Posted: Monday 20 February 2017
Commissioner makes 10 recommendations and 2 learning points in 5 complaint handling reviews
The Police Investigations & Review Commissioner (PIRC) has found that 10 complaints out of 15 made to Police Scotland were not dealt with to a reasonable standard in her complaint handling reviews published today, Monday 20 February 2017. A total of 10 recommendations were issued and 2 learning points.
In 278.16, the complaints arose from the discovery of previous foreign convictions in relation to the applicant's husband, Mr A.
Three complaints were considered namely:
1. that Police Scotland failed to timeously establish the previous foreign criminal convictions in relation to Mr A;
2. that having been made aware that Mr A had relevant previous convictions of a sexual nature involving a child, Police Scotland failed to establish that he had regular access to a step-grandchild;
3. that Police Scotland did not share Mr A's previous foreign convictions with the applicant.
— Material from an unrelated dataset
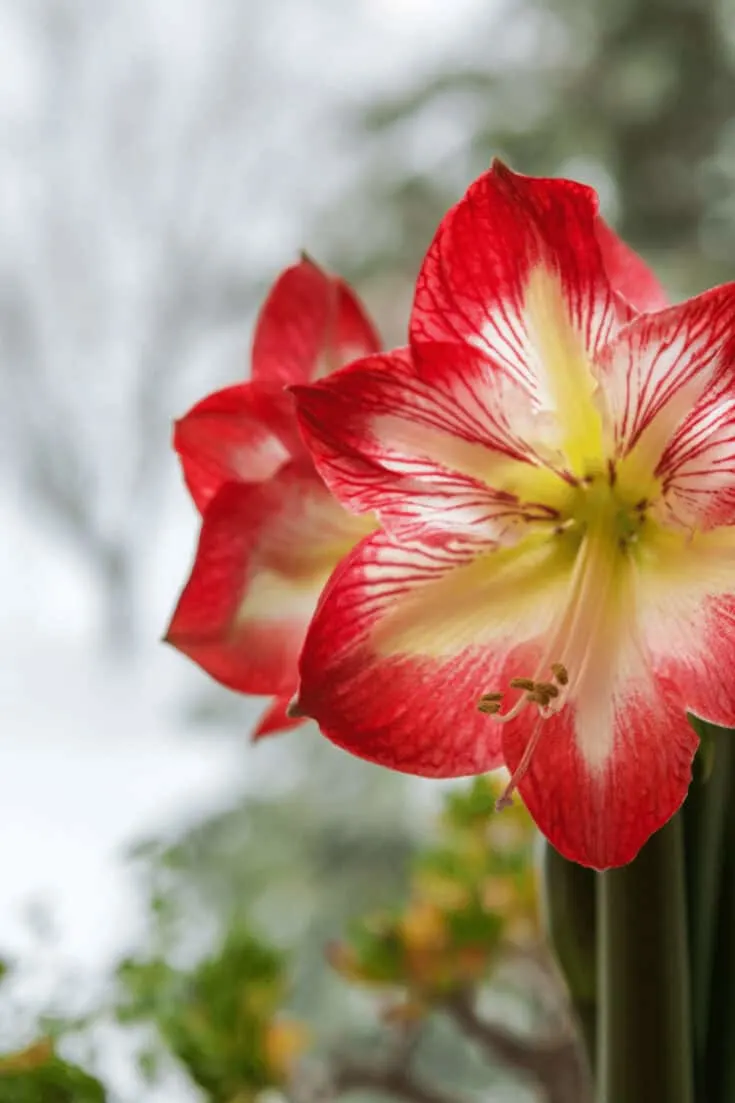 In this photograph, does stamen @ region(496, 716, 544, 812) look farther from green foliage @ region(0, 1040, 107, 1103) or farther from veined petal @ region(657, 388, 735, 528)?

The review found that two complaints were dealt with to a reasonable standard while the remaining complaint was not. A recommendation and a learning point were made in this connection.
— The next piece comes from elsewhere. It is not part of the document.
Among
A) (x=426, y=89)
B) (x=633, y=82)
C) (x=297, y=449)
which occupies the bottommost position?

The complaints in 281.16 arose from the police investigation into an allegation of rape made by the applicant against a colleague.
Three complaints were reviewed, namely:
1. that officers failed to make all necessary enquiry into the alleged offences;
2. that officers failed to refer the applicant to counselling services;
3. that an officer dealt with the applicant without an appropriate degree of empathy in updating her on the enquiry.
The review found that none of the complaints had been dealt with to a reasonable standard. One recommendation was made and a learning point was identified.
In 302.16, the complaints arose from the applicant's arrest in connection with the alleged theft of a motor vehicle.
Seven complaints were reviewed, namely:
1. that police officers unnecessarily visited the applicant's premises twice on one day;
2. that the applicant's detention and arrest was unlawful and unjustified;
3. that police officers were uninterested in listening to his side of the story about why he exercised a lien over the motor vehicle;
4. that an officer placed himself in close proximity to the applicant in a threatening manner and swore saying "I'm not interested in your f****** paperwork";
5. that the applicant was not offered any food during his stay in police custody;
6. that the applicant's home and business premises were searched without justification;
7. that an officer failed to inform the Procurator Fiscal that he had spoken to the investigations company.
The review found that three of the complaints were dealt with to a reasonable standard and four were not. Four recommendations were made.
The complaint in 384.16 arose from an incident in which the applicant was bitten by a dog.
One complaint was reviewed, namely that the allegation reported to the police was marked "no crime" due to Police Scotland's failure to conduct a full enquiry and consider all the available evidence.
The review found that the complaint was not dealt with to a reasonable standard. Three recommendations were made.
In 443.16, the complaint arose from the applicant's arrest warrant.
The complaint considered was that a police officer failed to input accurate information regarding the applicant's address on police recording systems, which ultimately led to the applicant's arrest for failing to appear in court.
It was found that the complaint was not dealt with to a reasonable standard. A single recommendation was made in this connection.